The Manage fields transformation allows you to add, remove, change data type or rename fields coming in from an input or another transformation. The side pane settings give you the option of adding a new field by selecting Add field, adding multiple fields, or adding all fields at once.

Screenshot showing the Manage field operator available in the event processor editor.

Furthermore, you can add a new field with the built-in functions to aggregate the data from upstream. (Currently, the built-in functions we support are some functions in String Functions, Date and Time Functions, and Mathematical Functions. To find them, search on "built-in.")

Screenshot showing the Manage field build-in functions.

The following table shows the results of changing the data type using manage fields. The columns represents the original data type, and the rows represents the target data type.

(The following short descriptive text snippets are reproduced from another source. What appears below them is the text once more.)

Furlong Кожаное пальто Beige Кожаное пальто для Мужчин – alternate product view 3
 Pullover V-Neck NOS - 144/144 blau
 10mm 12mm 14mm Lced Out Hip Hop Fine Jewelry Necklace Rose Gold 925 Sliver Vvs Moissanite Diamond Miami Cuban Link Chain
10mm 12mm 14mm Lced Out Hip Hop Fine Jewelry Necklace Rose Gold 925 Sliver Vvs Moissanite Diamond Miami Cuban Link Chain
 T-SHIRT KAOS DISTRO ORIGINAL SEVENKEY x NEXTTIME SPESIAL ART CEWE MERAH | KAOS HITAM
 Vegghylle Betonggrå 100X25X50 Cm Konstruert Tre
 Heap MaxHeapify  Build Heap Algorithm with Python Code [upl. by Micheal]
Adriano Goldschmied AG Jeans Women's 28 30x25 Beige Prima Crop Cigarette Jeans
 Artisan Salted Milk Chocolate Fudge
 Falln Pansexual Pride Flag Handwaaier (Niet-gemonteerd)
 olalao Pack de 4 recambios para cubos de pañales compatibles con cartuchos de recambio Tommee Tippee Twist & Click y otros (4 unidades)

  • If there is a ✔️ in the cell, it means that it can be converted directly and the target data type option is shown in the dropdown list.
  • If there is a ❌ in the cell, it means that it cannot be converted and the target data type option is not shown in the dropdown list.
  • If there is a ⚠️ in the cell, it means that it can be converted, but it needs to meet certain conditions, such as the string format must conform to the requirements of the target data type. For example, when converting from string to int, the string needs to be a valid integer form, such as “123”, not “abc”.
Int64 Double String Datetime Record Array
Int64 ✔️ ✔️ ✔️
Double ✔️ ✔️ ✔️
String ⚠️ ⚠️ ✔️ ⚠️
Datetime ✔️ ✔️
Record ✔️ ✔️
Array ✔️ ✔️

Union

Use the Union transformation to connect two or more nodes and add events that have shared fields (with the same name and data type) into one table. Fields that don't match are dropped and not included in the output.